Microprocessing

Could Your Therapist Be Replaced with an App?

While the field of internet cognitive behavioral therapy holds a lot of promise, the best mental health care still requires a human touch

In Microprocessing, columnist Angela Lashbrook aims to improve your relationship with technology every week. Microprocessing goes deep on the little things that define your online life today, to give you a better tomorrow.

EEvery evening, I receive a text message from a robot. Its name is Woebot, and sometimes the messages are as simple and straightforward as “Hello there, my friend!” Yesterday, the text was a bit odd: “I flossed my grills today.”

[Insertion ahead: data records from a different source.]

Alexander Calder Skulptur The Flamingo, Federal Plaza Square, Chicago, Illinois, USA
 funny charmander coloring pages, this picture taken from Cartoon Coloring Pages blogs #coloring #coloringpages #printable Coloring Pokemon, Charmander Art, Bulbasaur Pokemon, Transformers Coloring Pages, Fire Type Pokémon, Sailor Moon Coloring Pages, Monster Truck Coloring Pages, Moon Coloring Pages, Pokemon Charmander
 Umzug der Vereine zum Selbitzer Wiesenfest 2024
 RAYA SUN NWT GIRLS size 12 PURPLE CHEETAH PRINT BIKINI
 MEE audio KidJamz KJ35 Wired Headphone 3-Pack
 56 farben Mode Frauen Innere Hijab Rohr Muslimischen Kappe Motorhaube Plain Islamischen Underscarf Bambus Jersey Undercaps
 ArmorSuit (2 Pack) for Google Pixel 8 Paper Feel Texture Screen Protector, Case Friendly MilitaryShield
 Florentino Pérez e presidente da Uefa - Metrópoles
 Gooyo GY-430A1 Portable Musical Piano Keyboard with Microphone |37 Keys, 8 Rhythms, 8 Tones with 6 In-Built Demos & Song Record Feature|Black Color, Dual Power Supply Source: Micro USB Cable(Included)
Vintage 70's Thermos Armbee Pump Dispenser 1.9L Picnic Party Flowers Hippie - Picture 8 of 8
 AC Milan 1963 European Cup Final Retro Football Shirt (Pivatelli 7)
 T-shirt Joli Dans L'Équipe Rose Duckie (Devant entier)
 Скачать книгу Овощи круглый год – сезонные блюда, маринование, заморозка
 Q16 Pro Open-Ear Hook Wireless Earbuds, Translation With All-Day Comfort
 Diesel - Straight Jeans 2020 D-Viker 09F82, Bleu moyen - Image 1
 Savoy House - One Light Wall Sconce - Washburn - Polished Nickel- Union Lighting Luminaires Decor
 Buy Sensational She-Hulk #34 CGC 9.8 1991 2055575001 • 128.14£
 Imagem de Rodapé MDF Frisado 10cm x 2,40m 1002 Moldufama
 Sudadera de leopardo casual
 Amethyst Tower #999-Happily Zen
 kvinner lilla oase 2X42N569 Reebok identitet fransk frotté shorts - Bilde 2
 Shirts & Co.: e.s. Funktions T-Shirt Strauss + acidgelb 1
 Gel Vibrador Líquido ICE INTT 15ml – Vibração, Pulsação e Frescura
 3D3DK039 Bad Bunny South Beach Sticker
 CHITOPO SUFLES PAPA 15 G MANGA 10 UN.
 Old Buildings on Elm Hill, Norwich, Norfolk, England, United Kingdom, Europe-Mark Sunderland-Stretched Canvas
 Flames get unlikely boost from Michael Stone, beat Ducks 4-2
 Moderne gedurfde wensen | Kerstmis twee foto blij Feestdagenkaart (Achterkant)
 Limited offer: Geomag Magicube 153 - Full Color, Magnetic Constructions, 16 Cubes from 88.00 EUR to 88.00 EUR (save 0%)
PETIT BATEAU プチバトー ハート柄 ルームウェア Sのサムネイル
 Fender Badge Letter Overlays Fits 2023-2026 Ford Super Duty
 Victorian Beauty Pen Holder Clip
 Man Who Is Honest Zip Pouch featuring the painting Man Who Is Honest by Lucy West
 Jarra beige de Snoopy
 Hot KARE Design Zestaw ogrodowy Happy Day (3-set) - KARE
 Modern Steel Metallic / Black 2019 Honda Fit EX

The bot’s earnestness is strange and cute, but it’s not just there to entertain me with bizarre quips. Woebot’s job is to coach me through my stress and anxiety in 10-minute segments each night.

Woebot is a part of a burgeoning field of therapy called ICBT, or internet cognitive behavioral therapy. Cognitive behavioral therapy is a decades-old, highly studied, and remarkably effective form of psychotherapy that focuses on problem-solving and emotional troubleshooting. Yet whether because of geographic distance from a therapist, financial issues, or insurance struggles, many Americans lack access to the mental health care they need. Hence the appeal of ICBT: If much of the costly and time-consuming therapy patients currently receive could be outsourced to a program, considerably more people could access needed mental health treatment.

At least that’s the hope. But there are significant limitations to getting ICBT to the general public. It isn’t yet clear to researchers and app developers how to best implement ICBT outside of clinical trials; what works in a research setting may not necessarily translate to the less-controlled real world. And a lack of regulation or even guidelines means developers have little incentive to use actual scientific findings when designing their apps.

There’s a large body of research showing that ICBT can work. It can relieve symptoms of anxiety, depression, and even harder-to-treat issues like obsessive compulsive disorder or body dysmorphic disorder (BDD), an underdiagnosed and undertreated disorder in which patients experience intrusive and obsessive thoughts about perceived flaws in their physical appearance. A 2018 study out of the Karolinska Institutet’s Rücklab in Stockholm looked at how a 12-week internet-based cognitive behavioral therapy program affected patients with BDD. Participants in the program read traditional cognitive behavior therapy self-help texts and completed worksheets in interactive modules, similar to how one would complete homework in an online class. They also had unlimited access to a therapist via a messaging system within the platform.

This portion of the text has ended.